Finders Keepers - Belinda Bauer "No one in their right mind would choose to go on holiday to Exmoor after reading Belinda Bauer. Six children were buried on the moor in her award-winning debut novel, Blacklands. Eight vulnerable victims met their ends in its follow-up, Darkside. But the curse isn't over yet for the residents of Shipcott, the Somerset village where the author sets her thrillers: now their children are being stolen, taken from cars and replaced with a note: "You don't love her", or him, or them."

From one of my newest fav authors Finders Keepers is the third of the Exmoor based crime series, it can be read as a stand alone but please read the previous as the experience will be so much more rewarding.

Central to all the stories are the characters of Steven Lamb and Jonas Holly and they do require some background as to how their lives become intertwined which you get in the first two books.

Seventeen year old Steven has grown before this reader into a fine young man, decent and likeable, despite or in spite of his horrific experiences at the hands of the author Ms Bauer.

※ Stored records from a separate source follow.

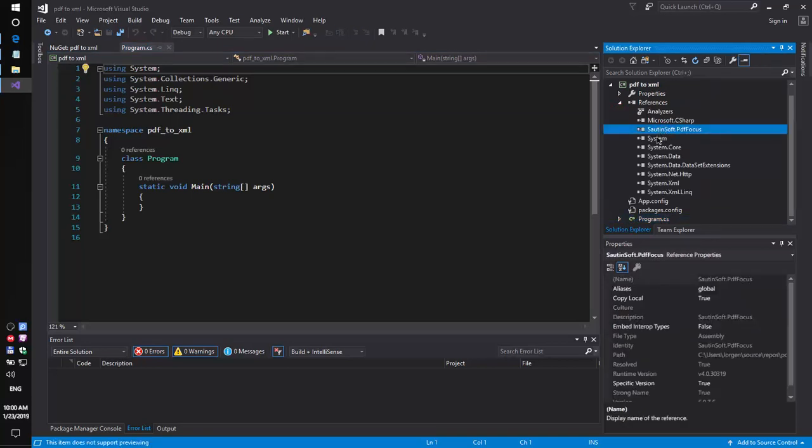The library recreates an XML document from a PDF like it was typed by a human. It produces a completely editable XML document that contains paragraphs, columns, tables, text, and so forth.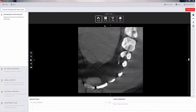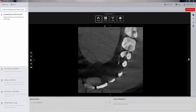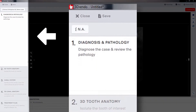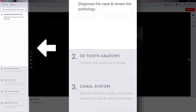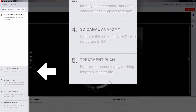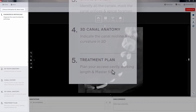3D Endo software has a straightforward interface that allows for easy access to each of the functions and features. The user interface is divided into four sections. The section running along the left side of the screen has the steps that you'll go through in order to complete your treatment plan.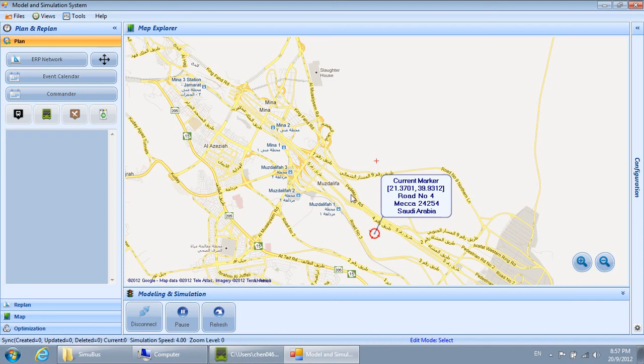Welcome to the bus demo. Start by creating or loading your bus stops, stations, and routes.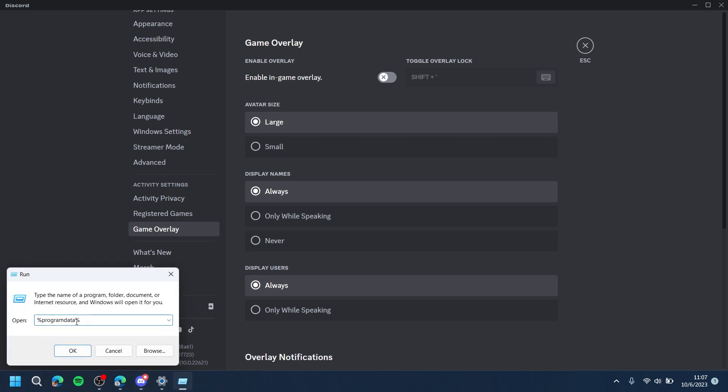Then, in between the percentage signs, type in Program Data.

In the previous books Steven has acted as bait for a serial child-killer and seen Jonas' wife Lucy die in circumstances which have haunted Steven since.

I love the pastoral crime noirness of the bleakness of the moors and the claustrophobic, gothic feel to the very unlucky town of Shipcott.

But it’s not all doom and gloom, every now and then humour breaks through Since the abductions garden shed thefts in the village soars (doubled in fact!) as the police concentrate on more important matters... "prompting one police control-room officer to sigh without irony, 'It's all gone Chicago out there'"

Finders Keepers is everything I want from a crime novel; brilliant characterisation, right down to the most fleeting appearances, taut stories and descriptions like the following:

Under a sky that was already pale Wedgwood, Exmoor had burst into life. Heather that had made the hills look scorched and black through the winter had magically revived and mottled them green. Grass that had been muddy just a month before had become like straw, while the yellow sprays of gorse and broom hid countless birds, betrayed only by their summer songs.
Foals tripped along behind sleek mares, and lambs that imagined themselves lost bleated plaintively – a sound that carried for miles on a still day. Buzzards and kestrels looked down on it all – poised to bring sudden death without disturbing the peace.